Wednesday, July 17, 2013

Hadoop Ecosystem on Windows Azure

As Microsoft becoming one of the popular vendor in Bigdata Hadoop market, Microsoft have developed a cloud based solution Bigdata, "Windows Azure HDInsight" which Process, analyze, and find out new business insights from Big Data using the power of Apache Hadoop Ecosystem. Windows Azure HDInsight is used to gain valuable business insights by processing and analyzing data including unstructured data, and helps business to made realtime decisions, a Big Data solution powered by Apache Hadoop. 

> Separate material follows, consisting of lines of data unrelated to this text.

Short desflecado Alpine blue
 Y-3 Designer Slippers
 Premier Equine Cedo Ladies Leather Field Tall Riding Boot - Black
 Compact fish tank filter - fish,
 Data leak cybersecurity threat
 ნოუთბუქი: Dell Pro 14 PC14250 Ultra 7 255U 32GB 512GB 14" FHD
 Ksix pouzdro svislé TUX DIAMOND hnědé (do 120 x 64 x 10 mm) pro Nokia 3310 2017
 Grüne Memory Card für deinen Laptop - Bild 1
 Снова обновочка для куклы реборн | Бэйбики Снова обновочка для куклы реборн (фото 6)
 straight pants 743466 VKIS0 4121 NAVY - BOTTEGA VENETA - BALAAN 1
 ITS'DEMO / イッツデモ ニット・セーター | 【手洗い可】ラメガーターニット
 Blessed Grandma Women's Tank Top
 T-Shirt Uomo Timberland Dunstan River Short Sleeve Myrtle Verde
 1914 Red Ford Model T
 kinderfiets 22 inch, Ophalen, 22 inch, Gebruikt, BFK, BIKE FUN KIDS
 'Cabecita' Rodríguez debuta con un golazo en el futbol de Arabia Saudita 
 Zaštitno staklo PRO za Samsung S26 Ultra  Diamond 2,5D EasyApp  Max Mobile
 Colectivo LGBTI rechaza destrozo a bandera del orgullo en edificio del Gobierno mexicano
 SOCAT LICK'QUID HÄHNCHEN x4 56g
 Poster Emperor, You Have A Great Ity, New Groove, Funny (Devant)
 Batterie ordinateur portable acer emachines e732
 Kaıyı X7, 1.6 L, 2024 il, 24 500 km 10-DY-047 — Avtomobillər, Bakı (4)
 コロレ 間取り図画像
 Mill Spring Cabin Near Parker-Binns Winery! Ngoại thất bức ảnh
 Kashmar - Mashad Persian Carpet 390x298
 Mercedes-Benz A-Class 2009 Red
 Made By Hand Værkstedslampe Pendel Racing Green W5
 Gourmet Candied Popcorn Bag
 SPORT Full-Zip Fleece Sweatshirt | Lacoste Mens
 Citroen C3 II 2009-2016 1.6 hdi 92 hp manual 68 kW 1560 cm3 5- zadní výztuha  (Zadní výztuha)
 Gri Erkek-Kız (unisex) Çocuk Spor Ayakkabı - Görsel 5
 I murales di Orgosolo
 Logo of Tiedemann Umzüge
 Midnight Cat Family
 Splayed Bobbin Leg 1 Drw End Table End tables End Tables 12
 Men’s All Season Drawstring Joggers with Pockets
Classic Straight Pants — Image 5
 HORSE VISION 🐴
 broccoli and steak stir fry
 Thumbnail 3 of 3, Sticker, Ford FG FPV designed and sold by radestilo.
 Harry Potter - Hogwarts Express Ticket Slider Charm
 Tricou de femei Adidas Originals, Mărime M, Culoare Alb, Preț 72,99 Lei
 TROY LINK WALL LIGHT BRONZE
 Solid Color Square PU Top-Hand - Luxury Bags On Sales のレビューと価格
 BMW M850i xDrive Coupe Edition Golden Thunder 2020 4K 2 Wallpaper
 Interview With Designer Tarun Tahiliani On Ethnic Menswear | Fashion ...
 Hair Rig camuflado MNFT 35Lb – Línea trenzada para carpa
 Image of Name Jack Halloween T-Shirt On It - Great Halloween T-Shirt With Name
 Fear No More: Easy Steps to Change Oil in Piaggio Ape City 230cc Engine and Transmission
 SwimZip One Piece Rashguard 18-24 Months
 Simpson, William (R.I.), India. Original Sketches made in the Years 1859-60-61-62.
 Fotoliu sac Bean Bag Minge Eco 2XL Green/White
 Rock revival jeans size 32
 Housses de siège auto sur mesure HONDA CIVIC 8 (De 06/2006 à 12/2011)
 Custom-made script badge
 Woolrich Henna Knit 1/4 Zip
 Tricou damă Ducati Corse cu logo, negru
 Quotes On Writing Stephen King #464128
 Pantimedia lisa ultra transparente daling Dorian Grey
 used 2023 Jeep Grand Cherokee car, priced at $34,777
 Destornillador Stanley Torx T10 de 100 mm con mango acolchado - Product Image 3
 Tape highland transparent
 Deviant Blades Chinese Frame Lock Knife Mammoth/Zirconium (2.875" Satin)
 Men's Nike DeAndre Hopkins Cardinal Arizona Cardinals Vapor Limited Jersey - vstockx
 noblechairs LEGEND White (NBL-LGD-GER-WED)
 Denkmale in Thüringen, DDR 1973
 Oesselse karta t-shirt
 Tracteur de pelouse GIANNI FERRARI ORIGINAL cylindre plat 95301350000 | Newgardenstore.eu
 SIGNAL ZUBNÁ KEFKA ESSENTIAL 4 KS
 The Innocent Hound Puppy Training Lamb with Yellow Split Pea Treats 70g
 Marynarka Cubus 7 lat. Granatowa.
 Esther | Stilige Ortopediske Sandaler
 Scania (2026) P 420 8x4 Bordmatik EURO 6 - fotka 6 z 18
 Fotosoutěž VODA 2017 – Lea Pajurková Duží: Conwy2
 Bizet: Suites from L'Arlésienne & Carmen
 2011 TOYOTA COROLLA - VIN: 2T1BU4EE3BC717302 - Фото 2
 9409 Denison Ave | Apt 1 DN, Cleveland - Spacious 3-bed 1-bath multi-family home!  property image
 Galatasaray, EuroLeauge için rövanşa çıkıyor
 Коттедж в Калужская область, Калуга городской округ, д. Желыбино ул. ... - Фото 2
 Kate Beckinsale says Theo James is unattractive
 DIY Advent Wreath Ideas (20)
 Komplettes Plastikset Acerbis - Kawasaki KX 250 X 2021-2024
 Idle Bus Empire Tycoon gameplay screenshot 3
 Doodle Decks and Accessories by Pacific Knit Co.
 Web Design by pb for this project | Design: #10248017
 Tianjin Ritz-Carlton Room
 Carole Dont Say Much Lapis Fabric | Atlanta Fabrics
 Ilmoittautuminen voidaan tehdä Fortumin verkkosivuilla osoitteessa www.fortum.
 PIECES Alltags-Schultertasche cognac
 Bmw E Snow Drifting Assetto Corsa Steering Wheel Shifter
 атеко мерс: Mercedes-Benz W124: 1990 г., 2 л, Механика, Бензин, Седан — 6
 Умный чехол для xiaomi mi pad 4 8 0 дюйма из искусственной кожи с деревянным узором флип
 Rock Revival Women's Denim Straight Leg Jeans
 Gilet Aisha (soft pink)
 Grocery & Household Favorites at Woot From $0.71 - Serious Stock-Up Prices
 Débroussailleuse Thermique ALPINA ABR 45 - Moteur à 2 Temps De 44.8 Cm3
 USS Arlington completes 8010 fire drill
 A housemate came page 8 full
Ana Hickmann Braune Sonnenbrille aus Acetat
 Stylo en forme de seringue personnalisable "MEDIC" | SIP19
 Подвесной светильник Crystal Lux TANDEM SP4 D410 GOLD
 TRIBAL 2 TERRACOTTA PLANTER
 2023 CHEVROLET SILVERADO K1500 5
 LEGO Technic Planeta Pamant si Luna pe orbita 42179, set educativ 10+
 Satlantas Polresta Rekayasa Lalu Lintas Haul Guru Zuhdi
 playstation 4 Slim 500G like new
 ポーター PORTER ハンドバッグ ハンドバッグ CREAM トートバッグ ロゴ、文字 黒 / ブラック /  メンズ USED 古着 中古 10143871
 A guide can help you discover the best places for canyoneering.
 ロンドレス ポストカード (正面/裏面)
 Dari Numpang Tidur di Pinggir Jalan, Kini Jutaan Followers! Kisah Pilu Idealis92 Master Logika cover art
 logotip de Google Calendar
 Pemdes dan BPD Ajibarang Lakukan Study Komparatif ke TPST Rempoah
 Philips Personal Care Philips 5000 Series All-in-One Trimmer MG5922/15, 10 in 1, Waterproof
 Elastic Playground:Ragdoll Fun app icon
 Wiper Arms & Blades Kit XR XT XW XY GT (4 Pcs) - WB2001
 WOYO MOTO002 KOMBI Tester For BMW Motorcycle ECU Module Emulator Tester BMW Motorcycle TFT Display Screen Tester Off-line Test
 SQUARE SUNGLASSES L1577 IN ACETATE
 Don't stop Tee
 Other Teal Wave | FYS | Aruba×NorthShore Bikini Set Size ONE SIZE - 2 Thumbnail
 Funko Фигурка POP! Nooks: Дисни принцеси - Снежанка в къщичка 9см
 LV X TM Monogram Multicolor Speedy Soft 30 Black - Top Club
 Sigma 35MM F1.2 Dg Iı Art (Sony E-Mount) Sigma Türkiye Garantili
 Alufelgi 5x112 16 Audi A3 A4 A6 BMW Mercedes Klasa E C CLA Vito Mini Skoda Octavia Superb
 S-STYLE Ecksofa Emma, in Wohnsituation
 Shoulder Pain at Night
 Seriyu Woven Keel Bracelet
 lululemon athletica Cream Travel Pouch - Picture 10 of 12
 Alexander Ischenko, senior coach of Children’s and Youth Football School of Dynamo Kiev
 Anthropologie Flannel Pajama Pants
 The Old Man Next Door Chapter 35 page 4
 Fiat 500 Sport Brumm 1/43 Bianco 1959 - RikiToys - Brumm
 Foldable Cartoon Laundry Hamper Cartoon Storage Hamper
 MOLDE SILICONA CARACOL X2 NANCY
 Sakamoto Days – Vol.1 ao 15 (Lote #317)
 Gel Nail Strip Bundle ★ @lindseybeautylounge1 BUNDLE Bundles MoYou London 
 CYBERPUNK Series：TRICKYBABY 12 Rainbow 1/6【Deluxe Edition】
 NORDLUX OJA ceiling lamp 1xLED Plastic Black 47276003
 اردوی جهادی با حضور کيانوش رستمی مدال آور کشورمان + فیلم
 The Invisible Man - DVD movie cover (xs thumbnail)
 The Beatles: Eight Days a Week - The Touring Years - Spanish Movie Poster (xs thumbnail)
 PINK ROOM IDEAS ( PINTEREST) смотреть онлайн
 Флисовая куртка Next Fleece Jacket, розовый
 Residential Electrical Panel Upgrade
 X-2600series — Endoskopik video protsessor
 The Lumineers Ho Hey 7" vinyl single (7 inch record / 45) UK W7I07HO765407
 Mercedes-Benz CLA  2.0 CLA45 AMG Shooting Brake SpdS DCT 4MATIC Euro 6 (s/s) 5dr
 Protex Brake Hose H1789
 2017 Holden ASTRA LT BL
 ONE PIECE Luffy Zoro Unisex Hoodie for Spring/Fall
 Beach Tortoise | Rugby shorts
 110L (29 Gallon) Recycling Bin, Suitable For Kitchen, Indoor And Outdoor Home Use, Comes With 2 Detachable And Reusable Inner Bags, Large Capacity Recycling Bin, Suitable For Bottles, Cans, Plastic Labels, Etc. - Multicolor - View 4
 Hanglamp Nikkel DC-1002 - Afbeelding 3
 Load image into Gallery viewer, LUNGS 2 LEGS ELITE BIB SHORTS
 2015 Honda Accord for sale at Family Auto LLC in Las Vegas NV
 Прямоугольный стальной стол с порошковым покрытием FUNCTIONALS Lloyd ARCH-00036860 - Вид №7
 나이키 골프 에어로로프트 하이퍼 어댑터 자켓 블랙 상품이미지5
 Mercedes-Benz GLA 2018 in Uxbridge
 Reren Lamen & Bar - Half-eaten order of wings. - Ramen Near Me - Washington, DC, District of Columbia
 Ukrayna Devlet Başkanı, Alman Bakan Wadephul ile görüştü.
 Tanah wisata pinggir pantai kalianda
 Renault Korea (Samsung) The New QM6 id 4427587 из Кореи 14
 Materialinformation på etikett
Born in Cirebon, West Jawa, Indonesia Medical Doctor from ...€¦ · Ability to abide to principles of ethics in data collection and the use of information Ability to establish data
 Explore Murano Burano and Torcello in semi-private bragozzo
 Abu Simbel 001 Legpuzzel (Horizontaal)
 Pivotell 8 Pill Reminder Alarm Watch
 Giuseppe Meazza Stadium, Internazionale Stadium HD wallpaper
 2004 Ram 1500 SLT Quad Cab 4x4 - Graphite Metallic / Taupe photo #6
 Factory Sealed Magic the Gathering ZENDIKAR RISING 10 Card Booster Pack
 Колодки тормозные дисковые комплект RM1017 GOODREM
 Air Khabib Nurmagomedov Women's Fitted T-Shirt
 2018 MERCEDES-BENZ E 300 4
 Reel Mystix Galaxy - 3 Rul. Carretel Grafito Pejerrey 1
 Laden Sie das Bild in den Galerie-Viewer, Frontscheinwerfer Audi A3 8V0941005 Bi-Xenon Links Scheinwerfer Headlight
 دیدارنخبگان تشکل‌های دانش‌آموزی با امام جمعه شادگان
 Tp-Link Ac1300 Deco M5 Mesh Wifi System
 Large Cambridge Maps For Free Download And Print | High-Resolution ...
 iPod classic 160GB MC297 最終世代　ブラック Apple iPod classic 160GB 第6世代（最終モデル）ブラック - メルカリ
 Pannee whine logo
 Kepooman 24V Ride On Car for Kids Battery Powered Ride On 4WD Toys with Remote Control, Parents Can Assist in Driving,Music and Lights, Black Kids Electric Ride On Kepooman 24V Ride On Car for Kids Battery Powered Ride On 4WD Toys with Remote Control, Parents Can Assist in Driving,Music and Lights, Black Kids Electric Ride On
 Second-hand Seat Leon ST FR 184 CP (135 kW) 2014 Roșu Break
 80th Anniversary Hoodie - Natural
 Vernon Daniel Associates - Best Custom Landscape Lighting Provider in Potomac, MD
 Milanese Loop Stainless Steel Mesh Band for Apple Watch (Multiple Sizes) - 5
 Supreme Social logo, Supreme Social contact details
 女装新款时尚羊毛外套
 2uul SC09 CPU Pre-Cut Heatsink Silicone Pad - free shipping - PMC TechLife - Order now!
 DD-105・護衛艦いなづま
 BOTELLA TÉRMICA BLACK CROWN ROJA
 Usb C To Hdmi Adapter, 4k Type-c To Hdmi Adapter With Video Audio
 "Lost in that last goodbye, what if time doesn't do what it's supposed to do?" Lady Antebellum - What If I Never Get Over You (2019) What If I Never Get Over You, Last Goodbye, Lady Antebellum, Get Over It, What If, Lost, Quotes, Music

HDInsight Service makes Apache Hadoop available as a service in the cloud. It provides a provisions to build a Hadoop cluster in minutes, and scale it down once you run your MapReduce jobs. It gives a various ways for to gain performance and effective output like to choose the cluster size to optimize job and processing time to insight or cost,with very interactive way. HDInsight also supports many programming languages including JAVA, .NET technologies.

Reference :

You can find the core services, data processing frameworks, Microsoft integration points and value adds services, data movement servies, and packages exposed by Windows Azure HDInsights in above diagram. It makes the HDFS and MapReduce the componants of Hadoop framework available in a simpler, more scalable, and cost efficient Windows Azure environment. HDInsight simplifies the hadoop configuration, monitoring and post-processing of Hadoop analysed data by hadoop jobs by providing simple JS and Hive consoles. The JavaScript console is unique to HDInsight and handles Pig(ETL) Latin as well as JavaScript and HDFS commands. HDInsight also provides a cost efficient approach to the managing and storing of data, it uses Windows Azure Blob Storage as a native file system. ( Binary Large Object(Blob): a file of any type and size, that can be stored in Windows Azure)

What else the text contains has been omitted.